5) Build momentum with time and find new ways to challenge yourself. As time goes by, you will find that any activity you choose will get easier and more enjoyable. It’s easy to slip into a comfort zone at this stage. So watch for cues. When you find that your workout is all too easy, you’re no longer breaking a sweat or you’re beginning to drag your feet every day, give yourself a new challenge. Increase the distance you run, time yourself and try and do it faster, add a weights routine, experiment with a higher level of a course you may have picked. Find a small milestone to achieve and make it your new goal. Set yourself a new challenge and build up to it gradually.

6) Most important of all, reward yourself! Remember to always be kind on yourself. Thank your body for cooperating with your new challenge, pat yourself on the back for every day that you successfully beat down the inertia monster and clock your workout.
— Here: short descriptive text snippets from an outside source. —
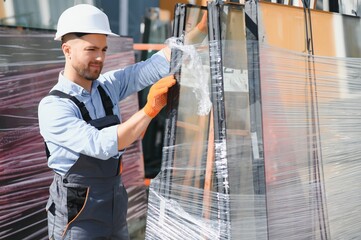 Wall Mural - Glass,Aluminium and PVC industry workers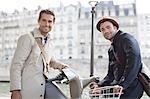 Businessmen on bicycles along Seine River, Paris, France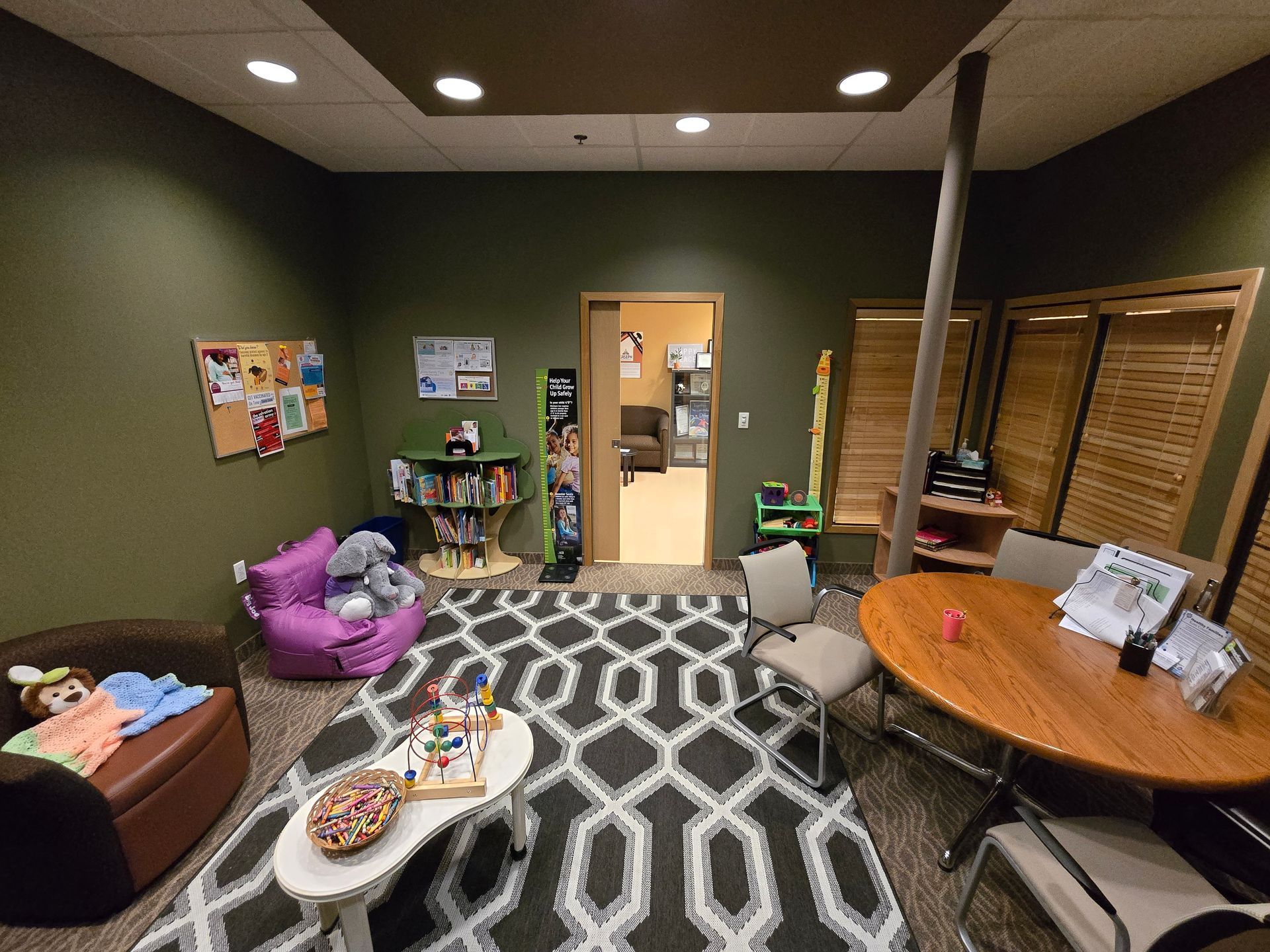 A cozy office playroom with a patterned rug, a purple beanbag chair, a small table with toys, and a circular wooden desk.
Reward yourself in small ways that will not harm you. A massage at the end of the week, a coffee date with friends or loved ones, a new pair of trainers when you hit a target, find something you would like to keep as a reward, and ensure that you give it to yourself when you meet your target.

Once you get past the first two weeks you will that inertia begins to fade away. The daily endorphin rush can be addictive and the boost of energy keeps you upbeat and happy right through the day. With time, once you have made fitness a daily habit in your routine, you will find it hard to give it up. Good luck!